Task to complete: The reply should hold every line of the listing exactly, and none of its images.

[Dataset content — start]

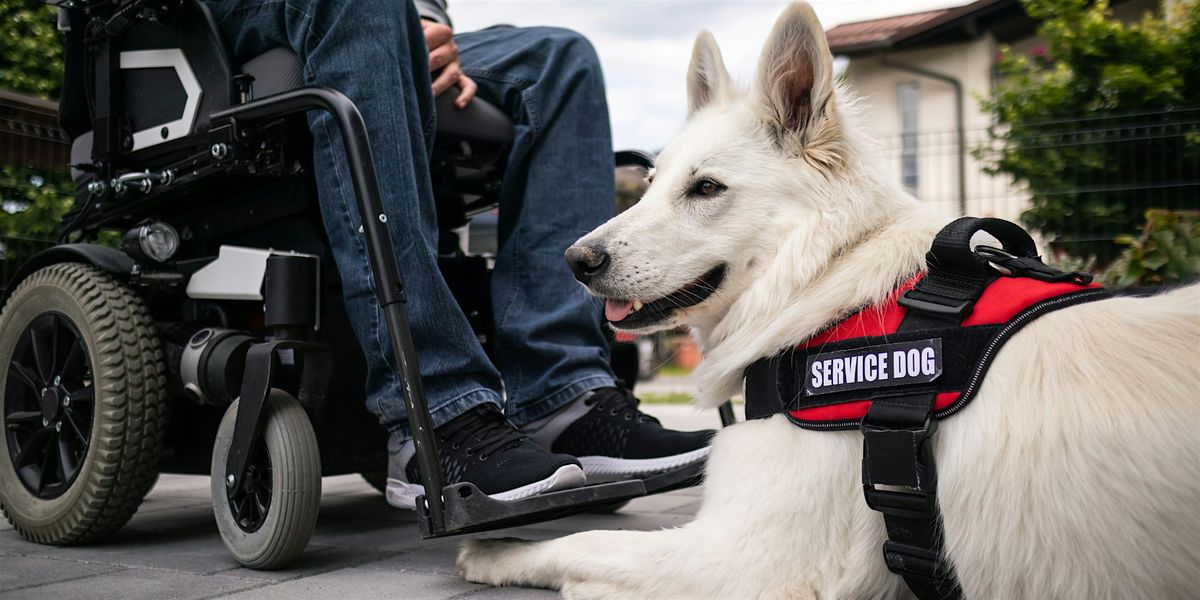 Service Animals in Healthcare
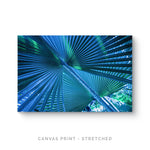 a picture of a palm tree with the words canvas print - stretched
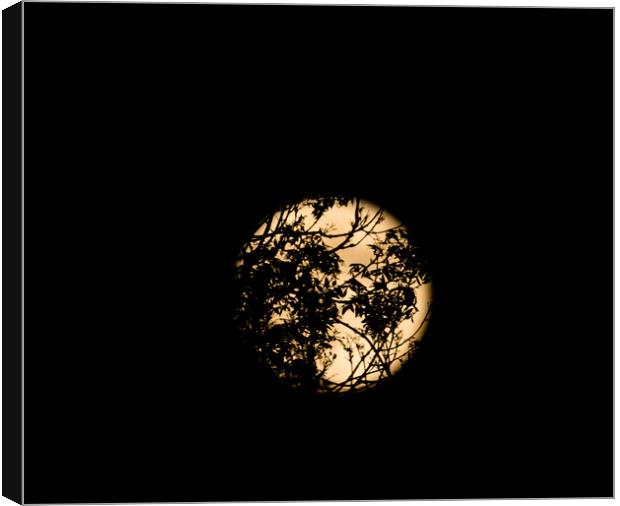 Silhouette moon Canvas Print by Sam Owen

[Dataset content — finish]

Finished exercise:
 Service Animals in Healthcare
 a picture of a palm tree with the words canvas print - stretched
 Silhouette moon Canvas Print by Sam Owen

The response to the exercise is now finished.